# I'm in love with...



## Guest (May 6, 2009)

Chinchillas!

I held a couple at college the other week, and OMG they're so cute and furry 

Does anyone on here own any? I'd love to see pictures! 

View attachment untitledchi.bmp


----------



## LadyRedLainey (Apr 7, 2009)

I love them to, but i doubt i would ever be able to own one  with having the kids, and a cat! lol. I just love seeing them stretch! it is amazing how big they actually are, when you see them all curled up.

x


----------



## Marcia (Mar 10, 2009)

They are fantastic creatures  I only have 5 at the moment. Although i have decided to breed again, just 1 litter though. I miss seeing kits


----------



## Midnight (Jan 17, 2009)

I've got 8 adults  if you want to see them i'll put some piccys up :thumbup1:


----------



## Tigerneko (Jan 2, 2009)

Chinchillas are amazing! We've got two at college and I love the feel of them, they feel really soft like Rex Rabbits 

I'd love a chin but I don't have the space for one  I was always under the impression that they were vicious too, but I think it's just cos they always seem to be hiding quite a lot - our ones at college are hard to catch but once you've got hold of them, they're alright


----------



## foxxy cleopatra (Nov 18, 2008)

ive never really got chinchillas...they seem really dull and just look like they are planning something evil....but then i read they are really active? my friend used to have one, and it ate its ledge away and fell to its death


----------



## Guest (May 7, 2009)

Marcia said:


> They are fantastic creatures  I only have 5 at the moment.

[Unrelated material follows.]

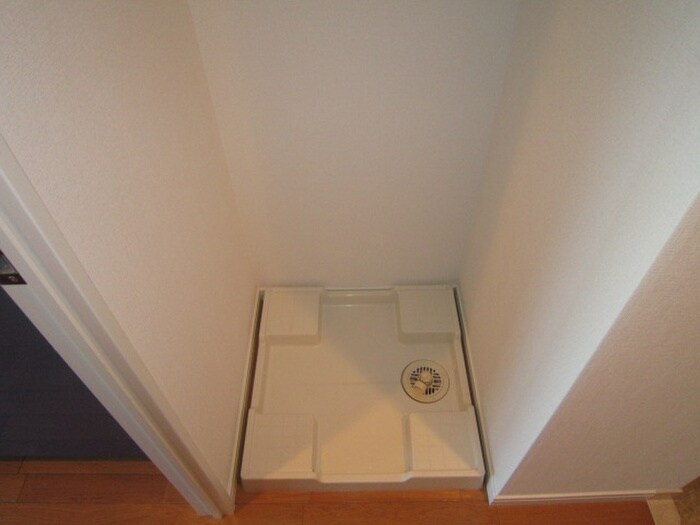 物件内観写真12　(洗濯機置場)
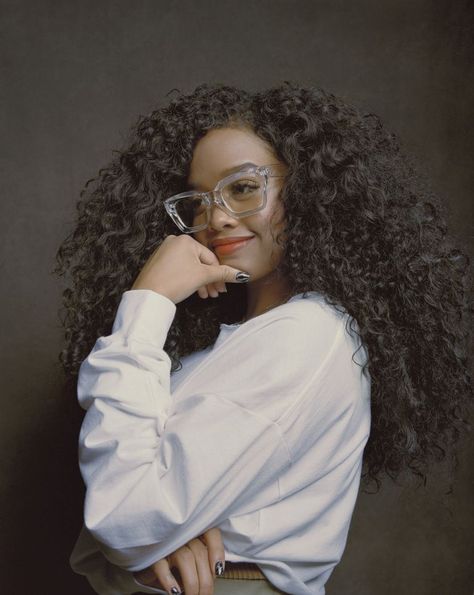 H.E.R. Talks Buying Black, Her Next Album, Revealing Herself to Fans H.e.r Aesthetic Singer, Artist Photoshoot, H.e.r Singer, Vibe Board, Lianne La Havas, City Life Photography, H.e.r Aesthetic, Her Music, Female Artists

Although i have decided to breed again, just 1 litter though. I miss seeing kits


Awww they're beautiful, love the last photo!



Portia Elizabeth said:


> Chinchillas are amazing! We've got two at college and I love the feel of them, they feel really soft like Rex Rabbits
> 
> I'd love a chin but I don't have the space for one  I was always under the impression that they were vicious too, but I think it's just cos they always seem to be hiding quite a lot - our ones at college are hard to catch but once you've got hold of them, they're alright


Yeah they do feel like Rex's! We've got 4 at college (unless there's more in other rooms I've not been in!) and they're all really tame - sooo cute :001_tt1:



foxxy cleopatra said:


> ive never really got chinchillas...they seem really dull and just look like they are planning something evil....but then i read they are really active? my friend used to have one, and it ate its ledge away and fell to its death


OMG that's awful  poor little thing.

They are lovely little things


----------